What Does Love Look Like?

I had a discussion last night with a friend wherein she recounted a discussion she had with someone in her church.  Her conversation was almost identical to myriad conversations I’ve had with well-meaning Christians throughout the years of my journey.  One such conversation went something like this:

“I don’t understand why you won’t talk to your mother.  Don’t you think it’s time to be loving? I think you really just need to love your mother.  Just love her.  Really show her what God’s love is like.  Your grandfather was so critical of her.  I’m sure she just needs a little gentleness.  You need to forgive her.”

Another conversation sounded like this:

“It’s really important to honor your parents.  I don’t think cutting off a parent pleases God.  Whatever your father did, it couldn’t be that bad.  My father has yelled at me a time or two.  I’ve wanted to run off and not talk to him, but that’s rebellious.  You are being rebellious.  It’s not honorable.  Don’t you want it to go well with you?”

If you think these responses are uncommon, then you would be mistaken.  They are, in fact, the most common responses I’ve received from Christians.  Why? I suspect it’s because people assume things.  If I mention “mother” or “father” many people might imagine their own parents.  If their parents fall within the bell curve for normal human behavior, then it might be hard for them to imagine what abnormal human behavior looks like.  Does it look like what they see on an episode of Law & Order? No.  It’s worse.

Let’s address the first common statement about being loving.  Usually, after a statement extolling the virtues of Christian love, scripture is quoted. 1 Corinthians 13 is a favorite.  That chapter of Corinthians is one of my favorites, too, so this puts me on common ground with a person allowing me to begin a conversation.  It’s important to ask some necessary questions.
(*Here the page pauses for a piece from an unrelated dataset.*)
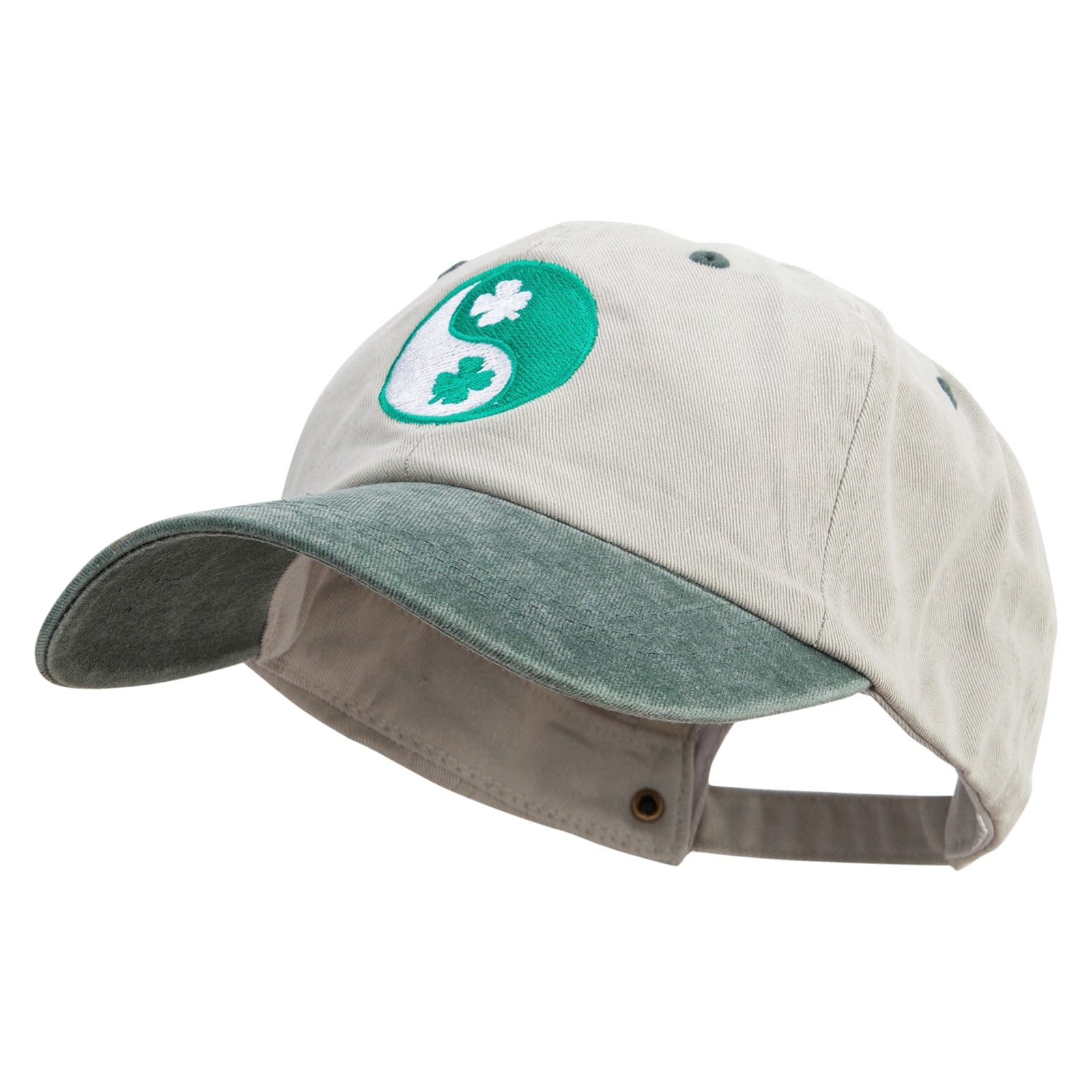 Yin Yang Clover Embroidered Pigment Dyed Wash Cap - Beige Green OSFM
  • What does it look like to love a pedophile?
  • What does it look like to love a sociopath?
  • What does it look like to love a sadist?
  • What does it look like to love a narcissist or a phallic narcissist?
  • What does it look like to love an addict who just won’t give up their addiction?

Let’s take it further.

  • What does it look like to love a sadistic mother who used to lock you in a room so that she could engage in orgies?
  • What does it look like to love a father who burned you on the face with a cigarette lighter and laughed about it?
  • What does it look like to love a brother who molested you repeatedly as a child?
  • What does it look like to love an uncle who dismembered your kitten in front of you so that you would never tell anyone about his repeated sodomy?
  • What does it look like to love a mother who tried to murder members of your family in front of you?
  • What does it look like to love a parent who tried to sell you in exchange for car repairs?
  • What does it look like to love a parent who verbally, emotionally, and spiritually abused you for your entire childhood and adolescence?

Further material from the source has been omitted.